This post assumes that you know what replica sets are and some of the basic syntax.
In part 1, we set up a replica set from scratch, but real life is messier: you might want to migrate dev servers into production, add new slaves, prioritize servers, change things on the fly… that’s what this post covers.

Before we get started…

Replica sets don’t like localhost. They’re willing to go along with it… kinda, sorta… but it often causes issues. You can get around these issues by using the hostname instead. On Linux, you can find your hostname by running the hostname command:

$ hostname

On Windows, you have to download Linux or something. I haven’t really looked into it.

From here on out, I’ll be using my hostname instead of localhost.

Starting up with Data

This is pretty much the same as starting up without data, except you should backup your data before you get started (you should always backup your data before you mess around with your server configuration).

If, pre-replica-set, you were starting your server with something like:

$ ./mongod

…to turn it into the first member of a replica set, you’d shut it down and start it back up with the –replset option:

$ ./mongod --replSet unicomplex

Now, initialize the set with the one server (so far):

> rs.initiate()
        "info" : "Config now saved locally.  Should come online in about a minute.",
        "ok" : 1

Adding Slaves

You should always run MongoDB with slaves, so let’s add some.

Start your slave with the usual options you use, as well as –replSet. So, for example, we could do:

$ ./mongod --dbpath ~/dbs/slave1 --port 27018 --replSet unicomplex

Now, we add this slave to the replica set. Make sure db is connected to wooster:27017 (the primary server) and run:

> rs.add("wooster:27018")
{"ok" : 1}

Repeat as necessary to add more slaves.

Adding an Arbiter

This is very similar to adding a slave. In 1.6.x, when you start up the arbiter, you should give it the option –oplogSize 1. This way the arbiter won’t be wasting any space. (In 1.7.4+, the arbiter will not allocate an oplog automatically.)

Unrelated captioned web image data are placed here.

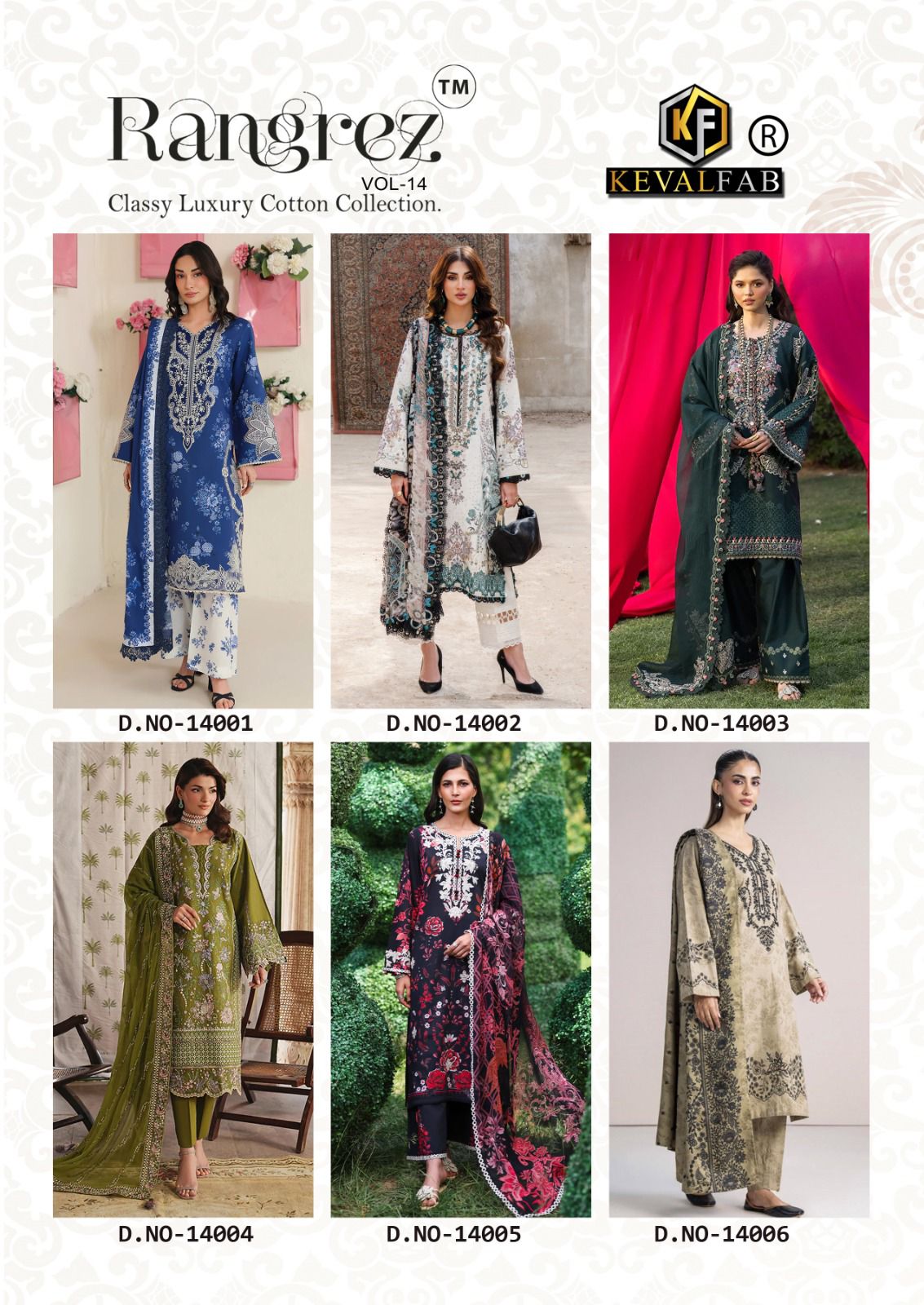 Rangrez Vol 14 Keval Fab Cotton Karachi Salwar Suits Wholesale Rate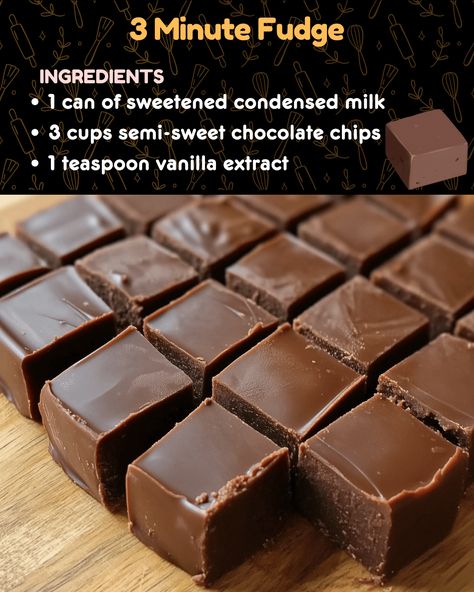 EASY 3 MINUTE FUDGE RECIPE 3 Minute Fudge, Heavenly Recipes, Homemade Fudge Recipes, Facebook Recipes, Fudge Ingredients, Fudge Recipes Easy, Homemade Fudge, Candy Recipes Homemade, Fudge Easy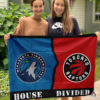 Minnesota Timberwolves vs Toronto Raptors House Divided Flag, NBA House Divided Flag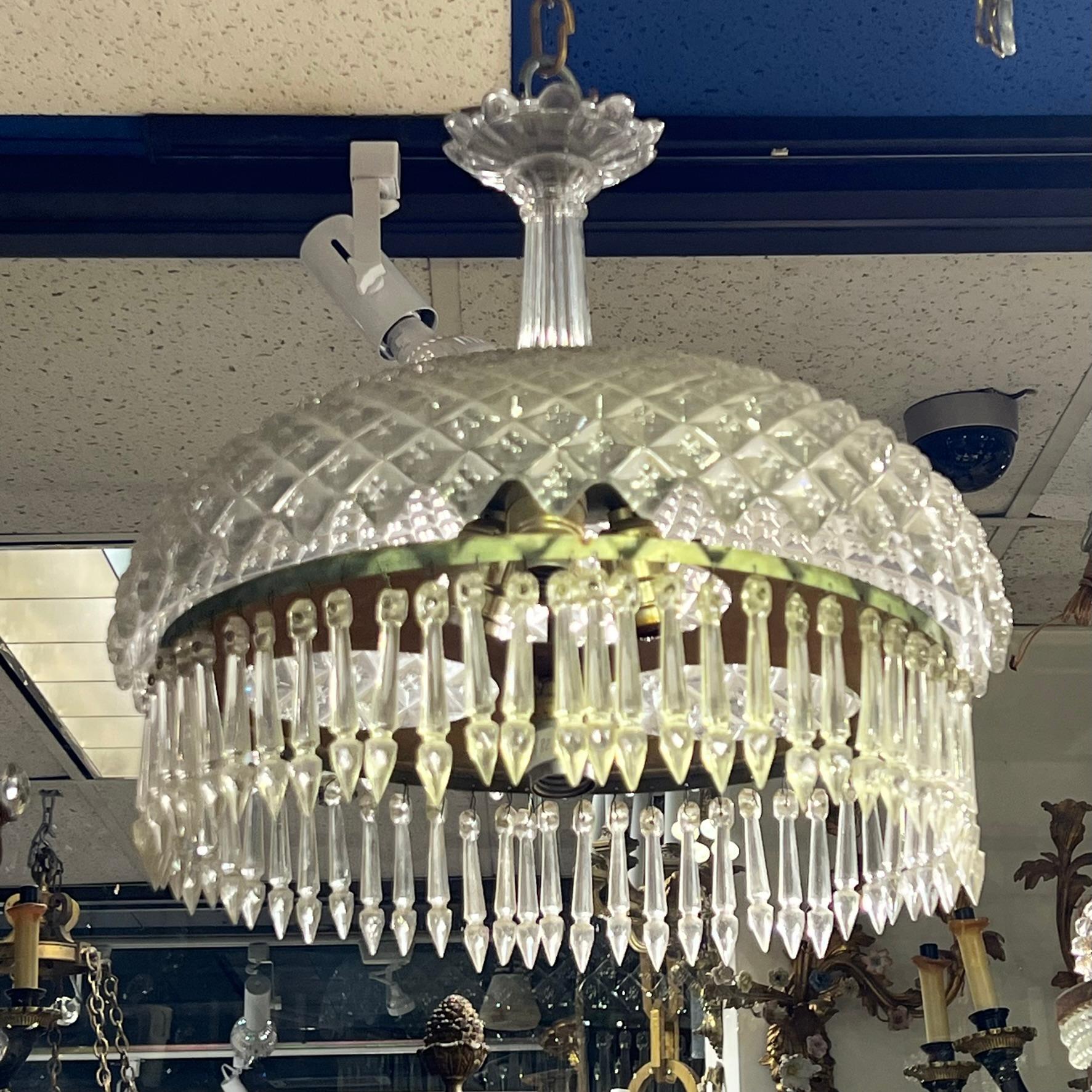 Baccarat Style Molded Glass Chandelier For Sale 1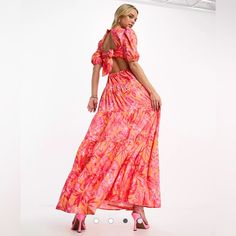 Nwt, Style Cheat Boho Dress. Size 4. Pink Tropical Print On Orange. The Fabric Is So Soft The Quality Is Beautiful. Fit Is True To Size. Can Wear With Out A Bra. Purchased From Asos And Missed Return Window The Back Opening Is So Pretty And Flattering. The Fit Was A Little To Long For Me I’m 5’2. Pink Floral Print Maxi Dress With Puff Sleeves, Pink Tie-back Maxi Dress For Brunch, Pink Tie Back Maxi Dress For Brunch, Fitted Pink Dress With Tie Back, Pink Puff Sleeve Fitted Maxi Dress, Pink Fitted Puff Sleeve Maxi Dress, Pink Fitted Maxi Dress With Puff Sleeves, Pink Puff Sleeve Maxi Dress For Spring, Pink Puff Sleeve Maxi Dress For Summer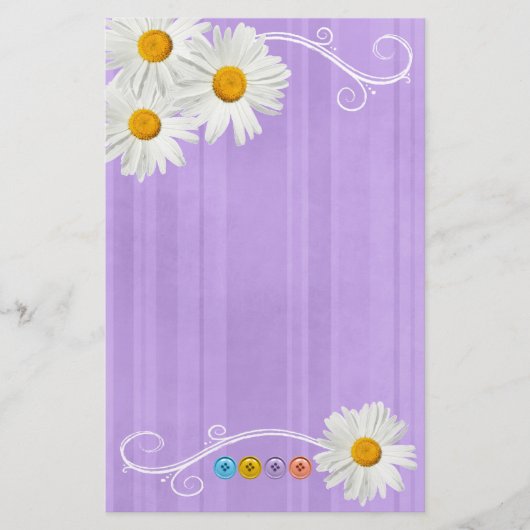 Button Daisy Paars Briefpapier (Voorkant)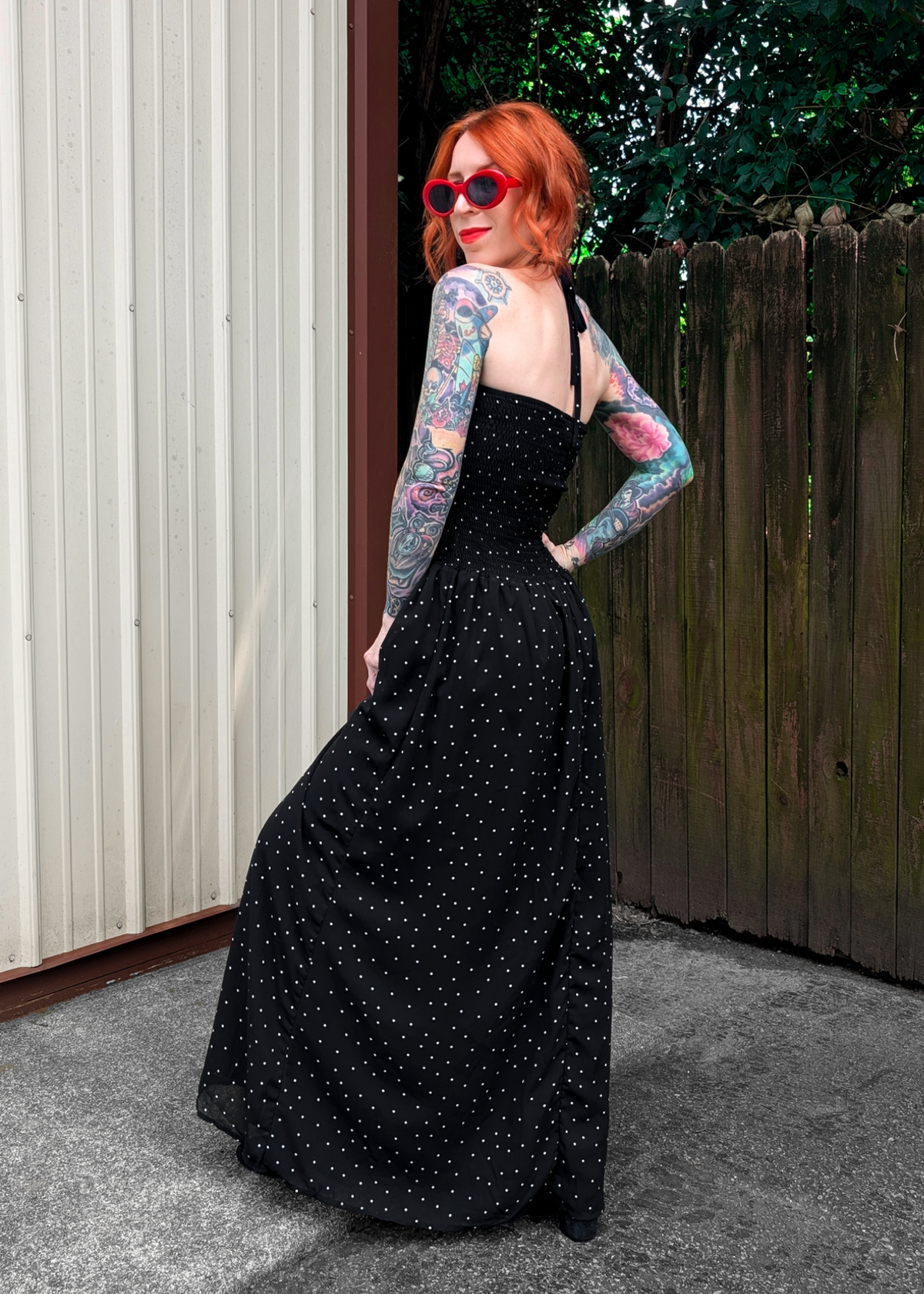 Black and White Polka Dot Shirred Halter Maxi Dress by Daisy Street S Black and White Polka Dot Shirred Halter Maxi Dress by Daisy Street S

$ ./mongod --dbpath ~/dbs/arbiter --port 27019 --replSet unicomplex --oplogSize 1

Now add it to the set. You can specify that this server should be an arbiter by calling rs.addArb:

> rs.addArb("wooster:27019")
{"ok" : 1}

Demoting a Primary

Suppose our company has the following servers available:

  1. Gazillion dollar super machine
  2. EC2 instance
  3. iMac we found on the street

Through an accident of fate, the iMac becomes primary. We can force it to become a slave by running the step down command:

> imac = connect("imac.example.com/admin")
connecting to: imac.example.com/admin
> imac.runCommand({"replSetStepDown" : 1})
{"ok" : 1}

Now the iMac will be a slave.

Setting Priorities

It’s likely that we never want the iMac to be a master (we’ll just use it for backup). You can force this by setting its priority to 0. The higher a server’s priority, the more likely it is to become master if the current master fails. Right now, the only options are 0 (can’t be master) or 1 (can be master), but in the future you’ve be able to have a nice gradation of priorities.

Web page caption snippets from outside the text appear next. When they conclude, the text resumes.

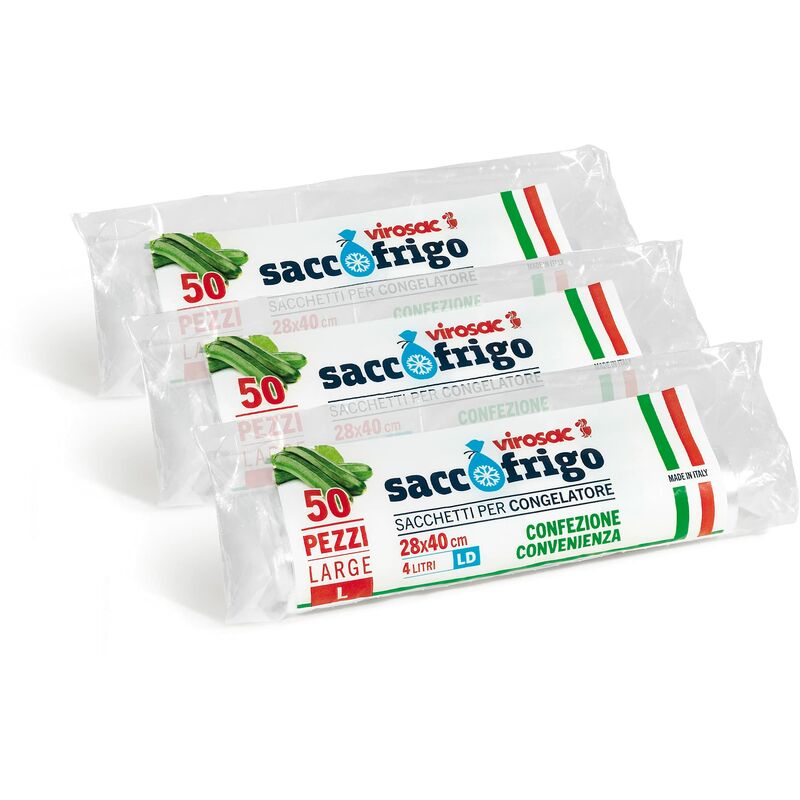 foto del prodotto virosac sacco frigo sacchetti per la conservazione e la congelazione degli alimenti, ldpe, trasparente, 28 x 40, 50 pezzi per rotolo, kit da 3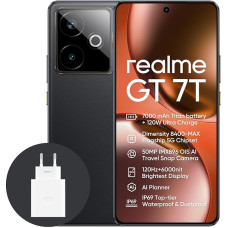 realme GT 7T 5G Smartphone, 12+512GB, 7000 mAh Battery, 120W Charge, Dimensity 8400-MAX Chipset, IMX896 50MP Camera, AI Planner, 6000nits Pro-Esports 120Hz Display, IP69, Black, Amazon Exclusive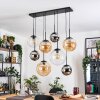 Gastor Suspension, Boule lumineuse, Suspension Ambre, Chrome, Clair, Fumé, 8 lumières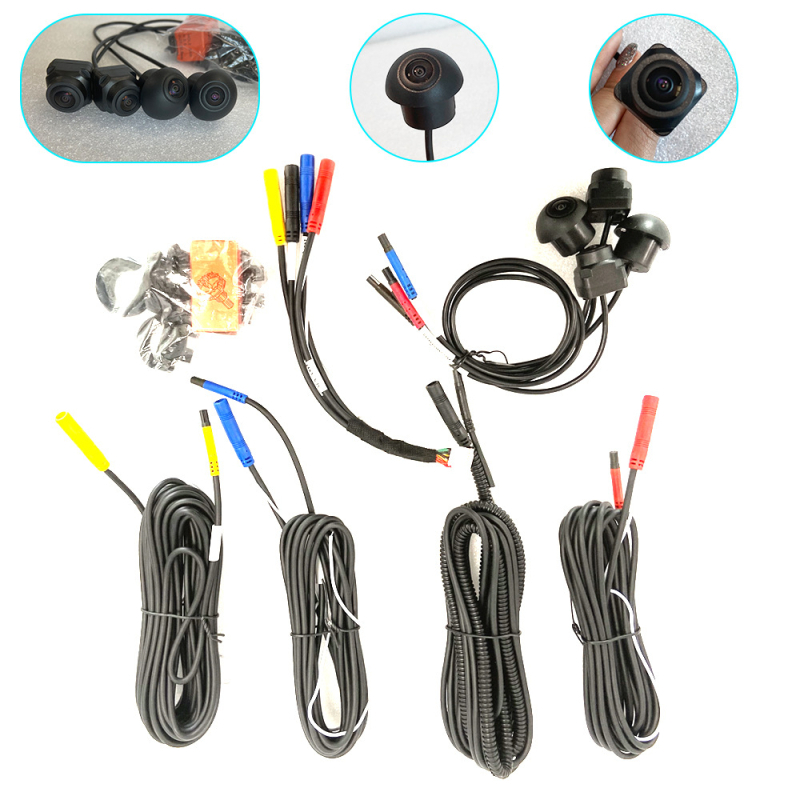 Autóba szerelt 360°-os panoráma asszisztens rendszer éjjellátással, 3D hátrameneti kép és parkolási kamera, ütközés elleni védelem (anyag: műanyag üveg; eredet: Shenzhen; testreszabás elérhető)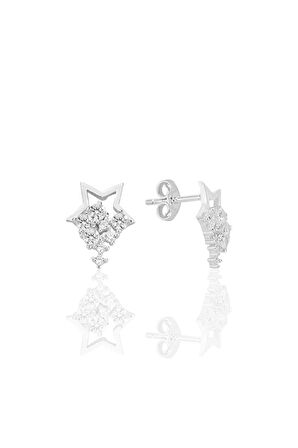 Gümüş rodyumlu zirkon taşlı yıldız yağmuru küpe SGTL12708RODAJ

So, let’s get into the nitty-gritty of replica sets and change the iMac’s priority to 0. To change the configuration, we connect to the master and edit its configuration:

> config = rs.conf()
        "_id" : "unicomplex",
        "version" : 1,
        "members" : [
                        "_id" : 0,
                        "host" : "prod.example.com:27017"
                        "_id" : 1,
                        "host" : "ec2.example.com:27017"
                        "_id" : 2,
                        "host" : "imac.example.com:27017"

Now, we have to do two things: 1) set the iMac’s priority to 0 and 2) update the configuration version. The new version number is always the old version number plus one. (It’s 1 right now so the next version is 2. If we change the config again, it’ll be 3, etc.)

> config.members[2].priority = 0
> config.version += 1

Finally, we tell the replica set that we have a new configuration for it.

> use admin
switched to db admin
> db.runCommand({"replSetReconfig" : config})
{"ok" : 1}

All configuration changes must happen on the master. They are propagated out to the slaves from there. Now you can kill any server and the iMac will never become master.

This configuration stuff is a bit finicky to do from the shell right now. In the future, most people will probably just use a GUI to configure their sets and mess with server settings.

Next up: how to hook this up with sharding to get a fault-tolerant distributed database.

Replica Sets Part 2: What are Replica Sets?

The US's current primary

If you want to jump right into trying out replica sets, see Part 1: Master-Slave is so 2009.

Replica sets are basically just master-slave with automatic failover.

The idea is: you have a master and one or more slaves. If the master goes down, one of the slaves will automatically become the new master. The database drivers will always find the master so, if the master they’re using goes down, they’ll automatically figure out who the new master is and send writes to that server. This is much easier to manage (and faster) than manually failing over to a slave.

So, you have a pool of servers with one primary (the master) and N secondaries (slaves). If the primary crashes or disappears, the other servers will hold an election to choose a new primary.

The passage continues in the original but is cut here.